MENASHA - Menasha police say they are investigating upwards of 50 nude or semi-nude photos of students uploaded to the web, and the police say about a dozen students - boys and girls - are part of that investigation.
Police say the teens involved are all between 14 and 16 years old and most go to Menasha High School, but some from other districts may be involved.
Menasha High School students and their parents are talking about the investigation.
Cathy Holmberg heard about it from her daughter Tuesday.
"It's disturbing. I have two children who go here. One, I had picked her up for a doctor appointment and she knew what was going on and she was very disturbed by it," Holmberg said.
Menasha Police Officer Aaron Zemlock told FOX 11 half a dozen teenage girls' pictures wound up on the internet without their consent.
"Took pictures of themselves, sent them to people they knew, then those people, in turn, uploaded the pictures," Zemlock explained.
He said the nude and semi-nude photos were put on a password-protected website.
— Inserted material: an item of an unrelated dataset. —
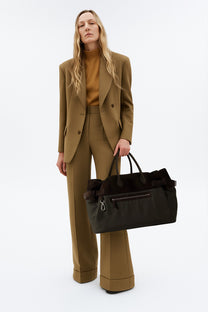 <tc>The Row</tc> Margaux 17 內外扣皮革帆布托特包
The password got out to other students, and that is when the district was notified.
"We haven't experienced anything like this, that was this large, that was brought to our attention," said Zemlock.
But it's not necessarily rare. Some students we spoke with say sexting happens more often than you might think.
"It's bad and now everybody sees your body, I guess, everyone knows who you are," said Menasha High School student Myster Morning.
The teens who posted the photos online could face criminal charges, which could follow them the rest of their lives.
"When you have people this age and you're talking about nude or semi-nude photos, child pornography gets brought into the picture," Zemlock explained.
The officer said this will follow the girls in the photos too.
"Sometimes it just doesn't stick with them that 'anything I put out there is there forever,'" he continued.
Holmberg told us this is a wake-up call. She said parents need to watch their children's web use and talk to them about consequences.
"Anything that they text or anything that goes among the airwaves is gonna be there forever and you never know where it might end up," said Holmberg.
The district superintendent declined to do an on-camera interview Tuesday. He did tell us the district is cooperating with police and will not release further information to avoid compromising the investigation.